### [EXERCISE DETAILS]
Copy every line that contains the string "photo" from the entries below.

AVAILABLE DATA section start

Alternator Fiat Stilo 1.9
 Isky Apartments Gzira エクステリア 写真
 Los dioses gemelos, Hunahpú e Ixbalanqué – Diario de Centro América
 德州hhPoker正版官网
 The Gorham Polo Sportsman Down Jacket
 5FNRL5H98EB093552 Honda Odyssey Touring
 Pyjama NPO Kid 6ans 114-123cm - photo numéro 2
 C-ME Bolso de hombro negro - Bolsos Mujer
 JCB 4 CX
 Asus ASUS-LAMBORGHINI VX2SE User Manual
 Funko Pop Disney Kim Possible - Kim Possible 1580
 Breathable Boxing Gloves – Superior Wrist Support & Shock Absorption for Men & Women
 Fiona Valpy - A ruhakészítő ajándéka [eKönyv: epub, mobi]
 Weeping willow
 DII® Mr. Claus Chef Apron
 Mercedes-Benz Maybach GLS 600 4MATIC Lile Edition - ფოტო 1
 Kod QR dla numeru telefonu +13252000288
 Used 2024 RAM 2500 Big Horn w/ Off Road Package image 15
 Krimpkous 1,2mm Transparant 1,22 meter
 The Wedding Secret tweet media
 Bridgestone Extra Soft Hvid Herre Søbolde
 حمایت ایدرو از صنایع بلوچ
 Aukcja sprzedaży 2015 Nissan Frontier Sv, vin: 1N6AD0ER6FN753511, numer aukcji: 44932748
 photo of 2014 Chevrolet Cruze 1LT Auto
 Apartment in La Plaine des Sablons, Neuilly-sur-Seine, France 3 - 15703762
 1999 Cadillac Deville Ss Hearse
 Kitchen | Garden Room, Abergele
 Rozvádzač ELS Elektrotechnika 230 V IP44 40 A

AVAILABLE DATA section end

### [ANSWER BELOW]
 Pyjama NPO Kid 6ans 114-123cm - photo numéro 2
 photo of 2014 Chevrolet Cruze 1LT Auto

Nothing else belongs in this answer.